C’est ainsi que certains voient en Erdogan celui qui a rendu à la Turquie sa dignité. Ils apprécient qu’il soit capable de s’opposer aux États-Unis et à l’Union européenne (UE), plutôt que de se comporter en solliciteur vis-à-vis des grandes puissances. Par son attitude, des travailleurs peuvent se sentir un peu vengés des discriminations subies en tant qu’ouvriers immigrés en Allemagne.
Le référendum en Turquie a donné lieu à une situation étrange : les Turcs d’Allemagne devaient se prononcer sur une mesure, le renforcement des pouvoirs d’Erdogan, dont a priori ils subiraient peu les conséquences, tandis que les mêmes, quand ils ne sont pas binationaux, sont écartés des élections législatives allemandes, bien qu’ils vivent, travaillent et paient des impôts dans le pays depuis des décennies.
La campagne a été largement mise en scène par le gouvernement turc. Dès début mars, c’est presque quotidiennement qu’un ministre se rendait en Allemagne pour y tenir un meeting. Plus de trente de ces réunions étaient annoncées rien que pour mars. Le gouvernement turc semblait presque n’avoir rien de plus pressé à faire que de voyager en Allemagne.
Visiblement, le but était aussi de provoquer le gouvernement allemand. Cela devint particulièrement visible avec l’affaire Yücel, du nom de Deniz Yücel, journaliste à la double nationalité allemande et turque, incarcéré fin février à Istanbul pour incitation à la haine et terrorisme. Ce journaliste travaille pour Die Welt, l’un des plus grands quotidiens allemands, aussi conservateur que Le Figaro. Les autorités turques refusèrent que l’Allemagne prenne contact avec lui, des ministres reprochèrent au gouvernement allemand de protéger des terroristes. Yücel est accusé d’avoir donné la parole à des représentants du Parti des travailleurs du Kurdistan (PKK). Toujours dans la provocation, Erdogan et d’autres responsables gouvernementaux comparèrent les méthodes allemandes ou la chancelière elle-même avec les nazis.
Le gouvernement allemand, qui tient à l’accord avec la Turquie sur les réfugiés (cet accord odieux qui bloque nombre de migrants rêvant d’Europe dans des camps en Turquie), n’avait aucun intérêt à cette escalade et s’est montré mesuré. Mais il n’était pas question qu’Erdogan se permette trop de libertés. Sans jamais prendre d’interdiction générale de meetings pour les ministres turcs, il a interdit chaque meeting peu avant qu’il se tienne, sous des prétextes visiblement fallacieux, comme le risque d’incendie ou le manque de parkings.

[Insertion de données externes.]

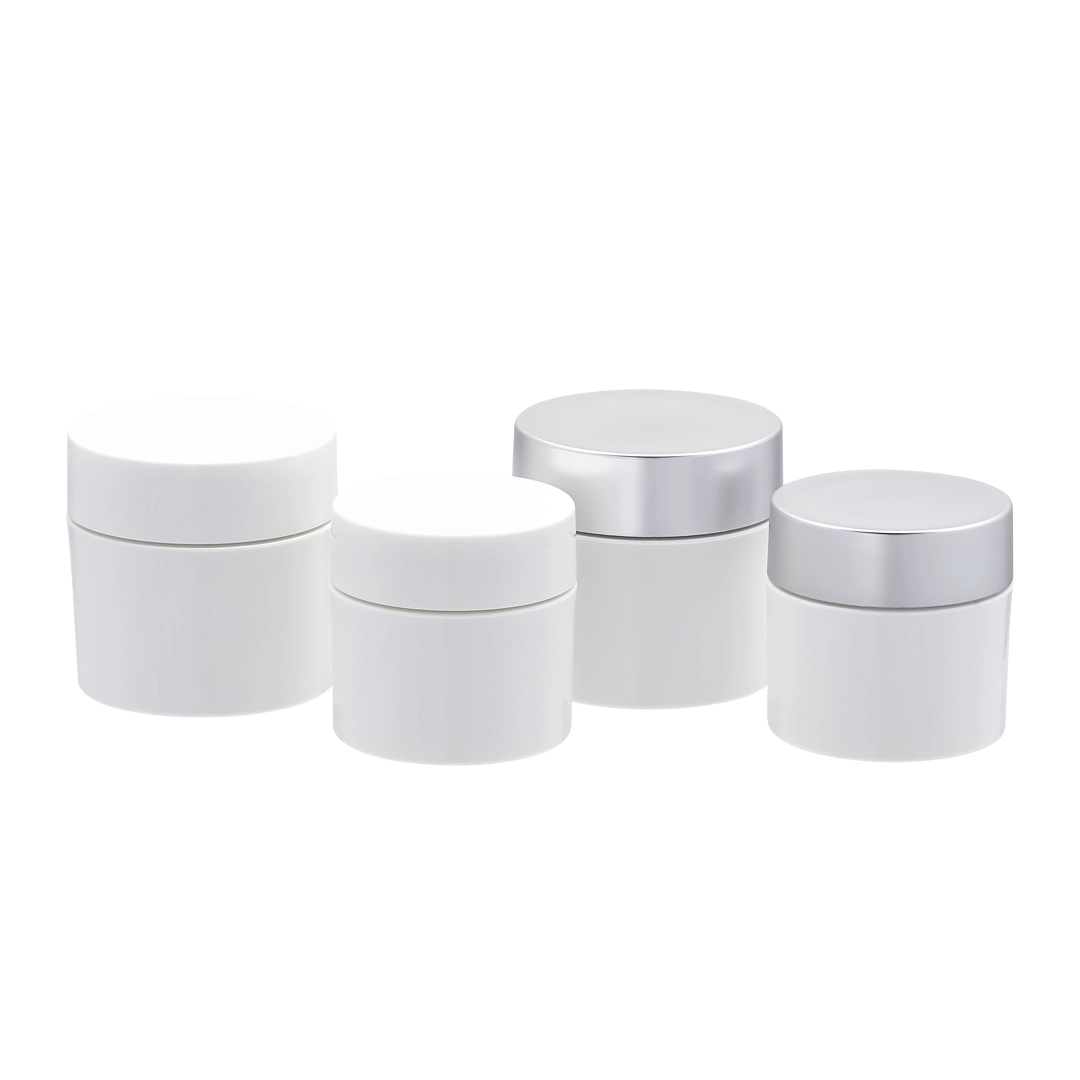 recycled cosmetic jars with white and silver lid options Model BLGSPP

Cette réaction n’est pas comparable avec celle des Pays-Bas, où le gouvernement, lui-même en campagne électorale, a essayé de gagner des voix à l’extrême droite en renvoyant du pays une ministre turque, avant de lâcher des chiens policiers contre des manifestants pro-Erdogan. Mais l’interdiction allemande de facto suffit à Erdogan pour obtenir l’effet escompté. Il put déclarer avec suffisance : « Ces gens veulent donner des leçons de démocratie à la Turquie. Mais voyez, ce sont eux qui piétinent la liberté de parole. »
Des travailleurs, des jeunes gens d’origine turque qui n’avaient jusqu’alors pas d’avis sur le référendum, commencèrent à se demander : « Pourquoi nos hommes politiques n’ont-ils pas le droit de s’exprimer ? Seraient-ils des politiques de deuxième catégorie ? » ; « Pourquoi nous traite-t-on comme si nous étions mineurs ? Nous sommes capables de nous faire notre opinion ! »
Le gouvernement allemand n’a pas jugé utile d’argumenter ou d’expliquer pourquoi il empêchait les réunions publiques de ministres turcs. Si sa préoccupation avait été les populations des deux pays, il aurait pu dire par exemple que la campagne n’était déjà pas démocratique en Turquie, que là-bas tout un appareil d’État et l’ensemble des médias étaient mobilisés dans la campagne pour le oui, tandis que les tenants de l’opposition étaient intimidés, muselés, licenciés sinon jetés en prison. Et qu’il s’agissait de ne pas renforcer encore le déséquilibre.
Mais l’ensemble des partis, de la CDU (centre droit) à Die Linke (gauche dite radicale) en passant par le SPD (sociaux-démocrates) et les Verts (écologistes), tous ont justifié leur position par l’idée que le scrutin turc « n’avait rien à faire en Allemagne », que « des conflits internes à la Turquie n’avaient pas à être exportés ici ».
Rien à faire en Allemagne ? Cela ne pouvait être ressenti que comme une marque de mépris à l’égard des plus de trois millions de personnes ayant de la famille en Turquie et qui, ne serait-ce que pour cette raison, sont forcément concernées par ce qui s’y joue. Et au fond, du simple fait que le référendum a des conséquences pour des millions de travailleurs en Turquie, l’ensemble de la classe ouvrière est bel et bien concerné, et il serait juste et même important que les travailleurs, quel que soit le pays où ils vivent, s’y intéressent et en discutent. En Allemagne, où pratiquement tout le monde a un collègue, un ami ou des voisins turcs, c’est évident. En plus, affirmer que ce débat n’a rien à faire en Allemagne signifiait faire taire les adversaires du renforcement du pouvoir, les partisans du non, ce qui au bout du compte était rendre service à Erdogan.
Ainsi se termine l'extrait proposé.